### ABOUT THIS TASK
Output every line below exactly, please, omitting pictures.

### RECORDS SUPPLIED
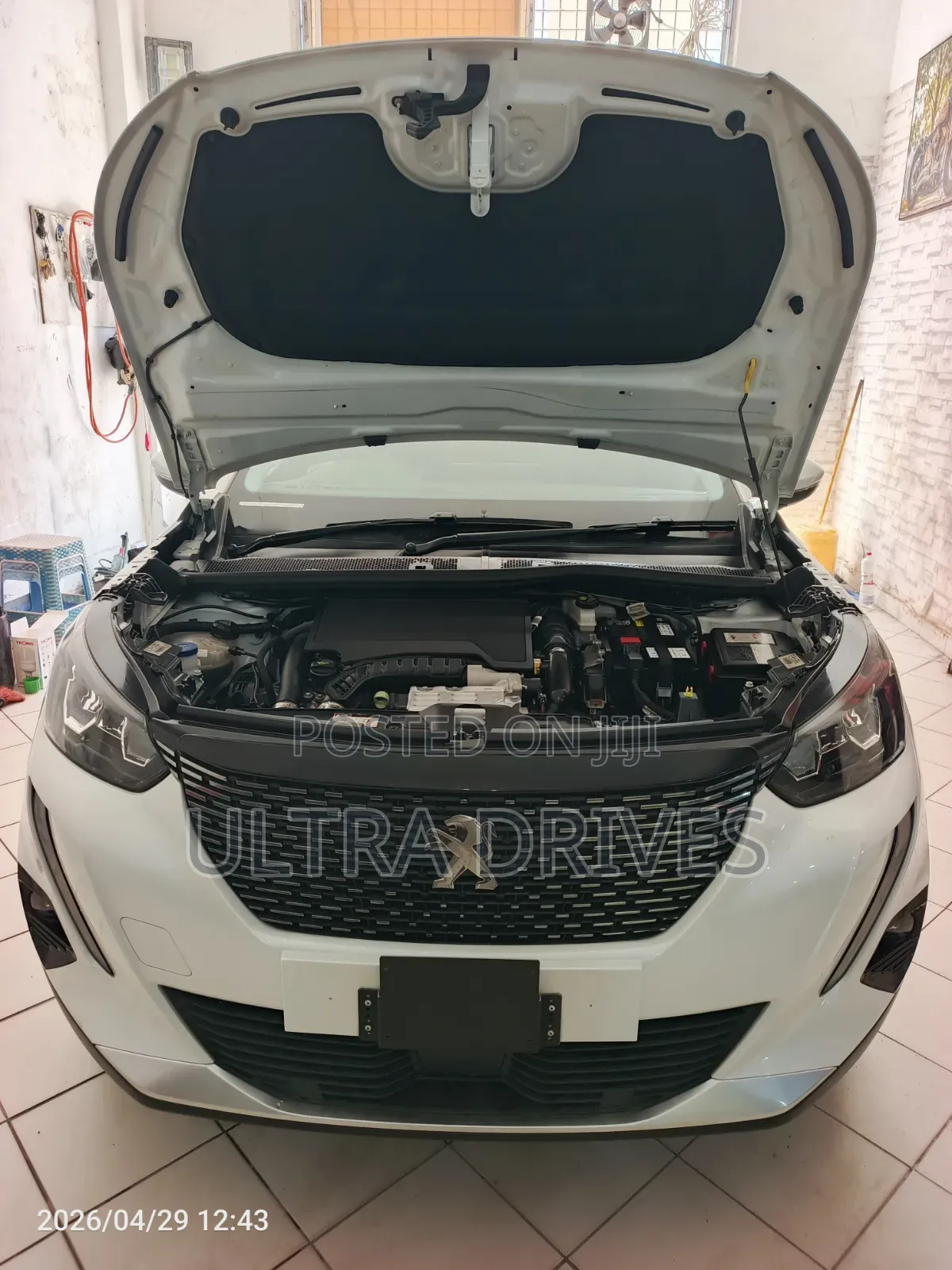 Peugeot 2008 2019 White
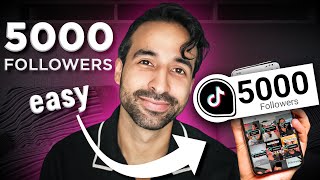 Get 5000 TikTok Followers FAST to apply for TikTok Shop Affiliate Program! @iamdavidscheuer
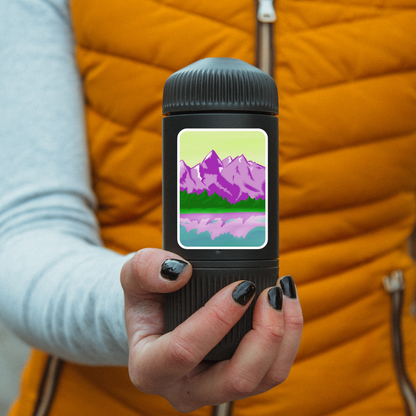 Grand Teton National Park Sticker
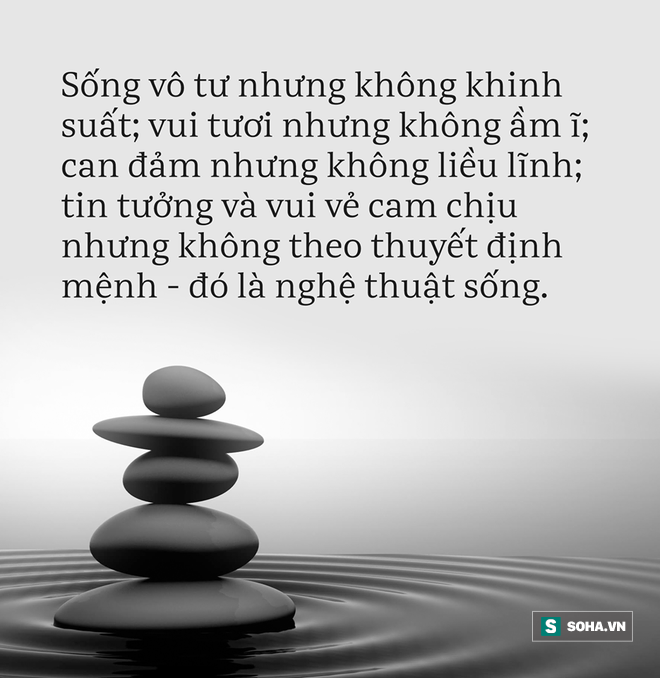 7 điều đúc kết về đời người: Đọc xong, có thể ai cũng sẽ gật gù tâm đắc - Ảnh 1.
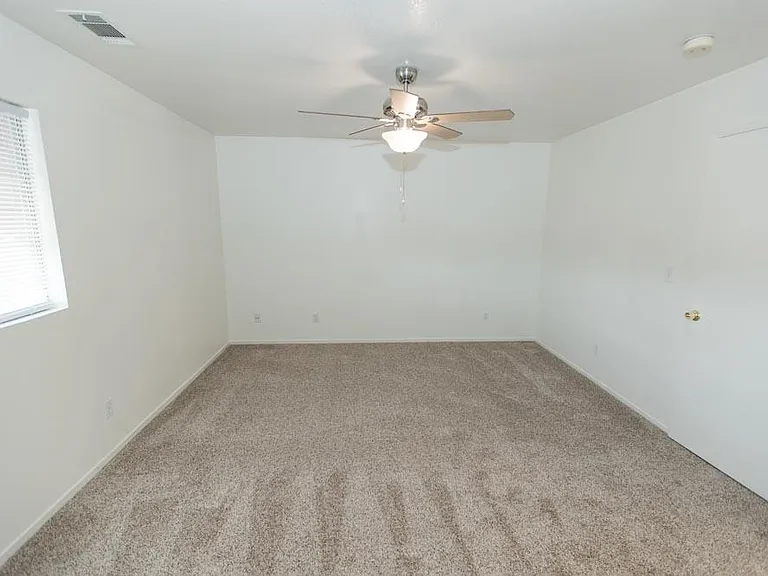 Large great room used as additional sleeping quarters, office, exercise room or game room.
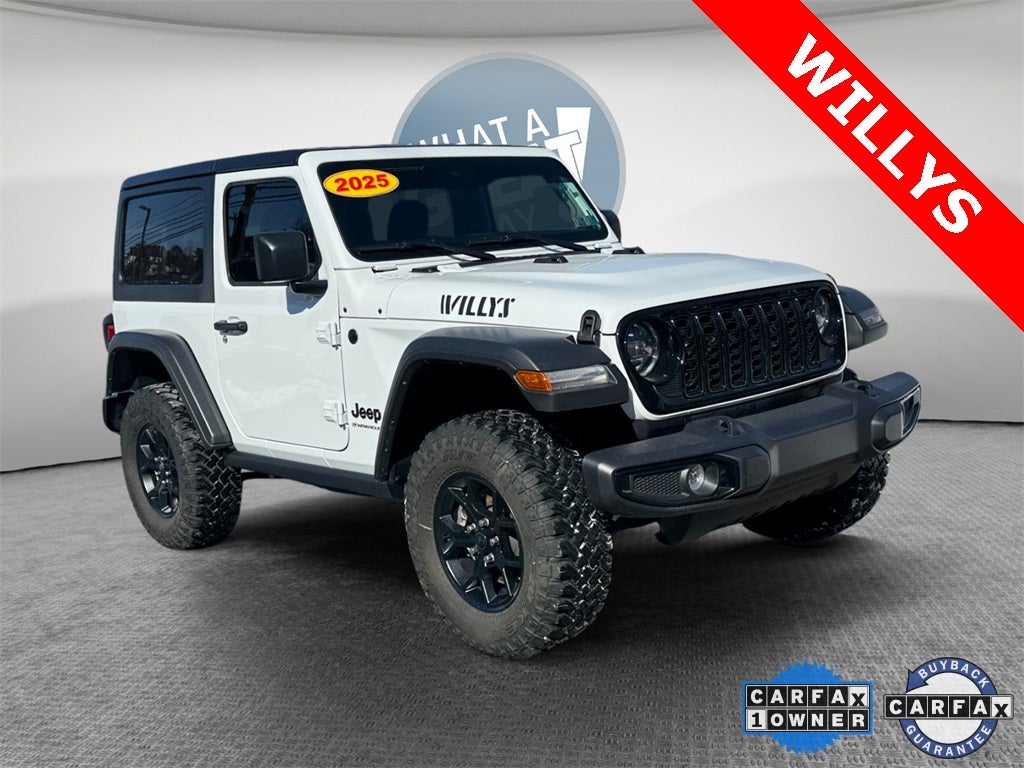 2025 Jeep Wrangler Willys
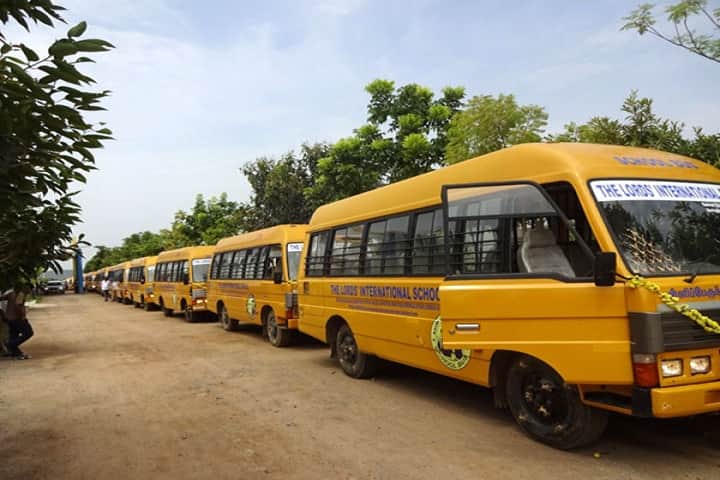The Lords International School-Transportation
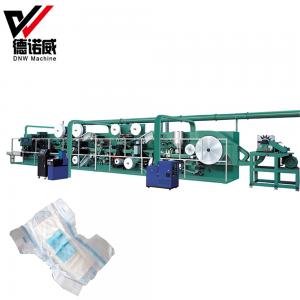 Baby diaper machine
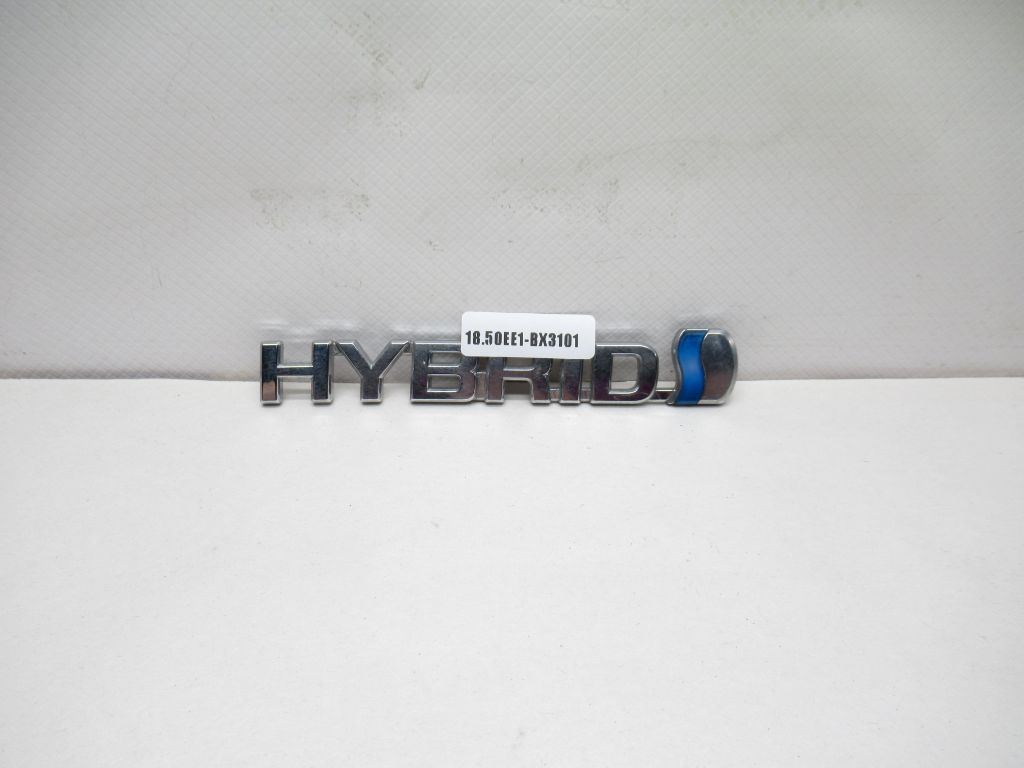 2006-2009 Toyota Prius Fender Emblem Nameplate Badge 75374-47040 OEM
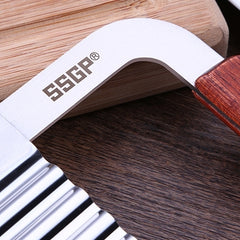 SSGP Stainless Steel Fruits Vegetables Wave Shaped Cutting Creative Cut Tool, 18x11.5cm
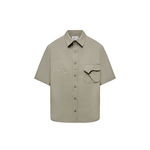 Рубашка Called a Garment Hikercore Shirt "Dusty Olive"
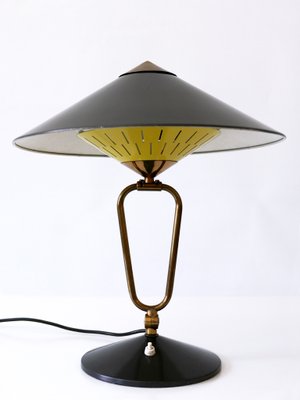 Large Mid-Century Modern Articulated Witch Hut Table Lamp or Wall Sconce, 1950s-WPT-707043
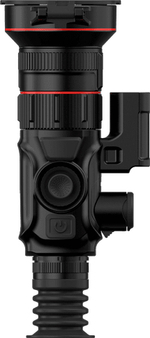 Тепловизионный прицел лазерный дальномер RikaNV Lesnik 360L 1200м 384x288 2 объе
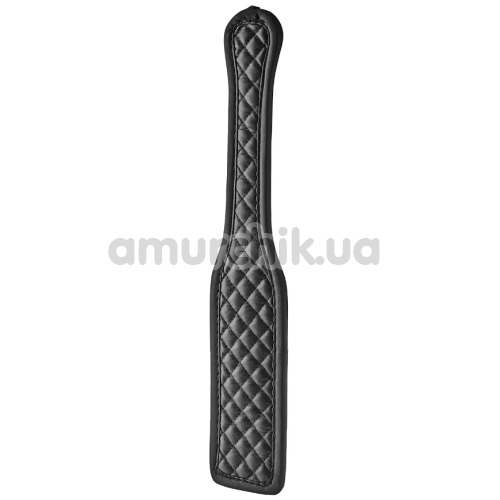 Шлепалка Blaze Luxury Fetish Paddle 21950, черная - Фото №1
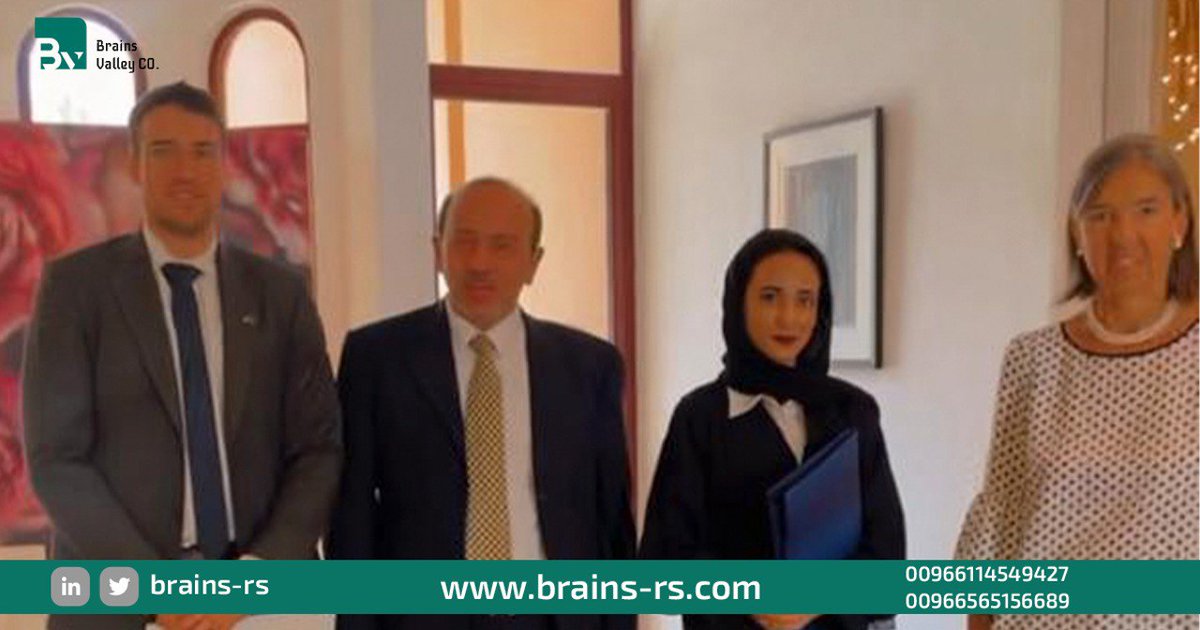 بدعوة كريمة من السفارة البلجيكية، تمت زيارة السفارة من قبل شركة وادي العقول لمناقشة التعاون في تقديم الخدمات التجارية.

#بزنس #علاقات_عامة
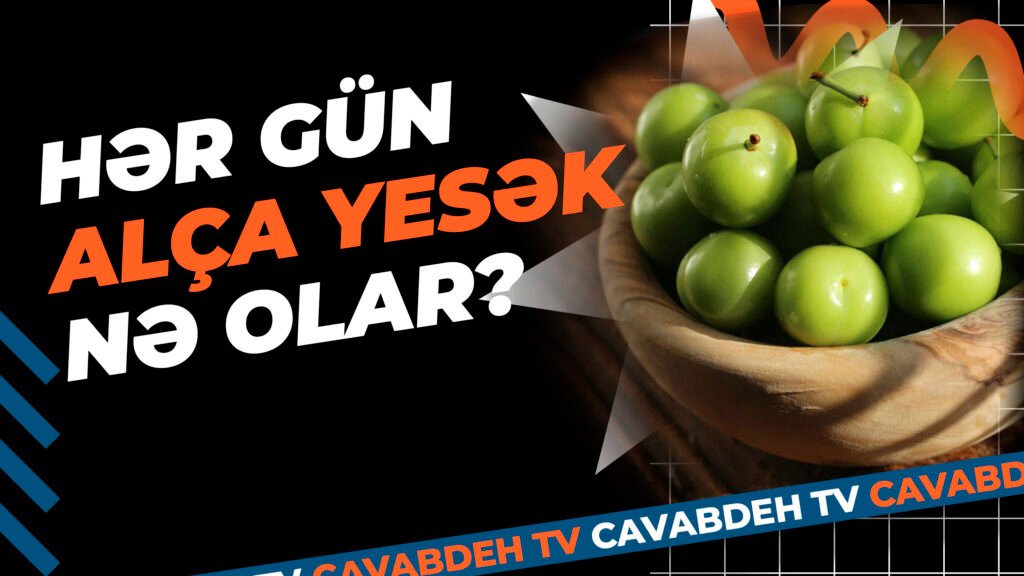 Alça Niyə Bu Qədər FAYDALIDIR?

### PROBLEM SOLUTION
 Peugeot 2008 2019 White
 Get 5000 TikTok Followers FAST to apply for TikTok Shop Affiliate Program! @iamdavidscheuer
 Grand Teton National Park Sticker
 7 điều đúc kết về đời người: Đọc xong, có thể ai cũng sẽ gật gù tâm đắc - Ảnh 1.
 Large great room used as additional sleeping quarters, office, exercise room or game room.
 2025 Jeep Wrangler Willys
The Lords International School-Transportation
 Baby diaper machine
 2006-2009 Toyota Prius Fender Emblem Nameplate Badge 75374-47040 OEM
 SSGP Stainless Steel Fruits Vegetables Wave Shaped Cutting Creative Cut Tool, 18x11.5cm
 Рубашка Called a Garment Hikercore Shirt "Dusty Olive"
 Large Mid-Century Modern Articulated Witch Hut Table Lamp or Wall Sconce, 1950s-WPT-707043
 Тепловизионный прицел лазерный дальномер RikaNV Lesnik 360L 1200м 384x288 2 объе
 Шлепалка Blaze Luxury Fetish Paddle 21950, черная - Фото №1
 بدعوة كريمة من السفارة البلجيكية، تمت زيارة السفارة من قبل شركة وادي العقول لمناقشة التعاون في تقديم الخدمات التجارية.

#بزنس #علاقات_عامة
 Alça Niyə Bu Qədər FAYDALIDIR?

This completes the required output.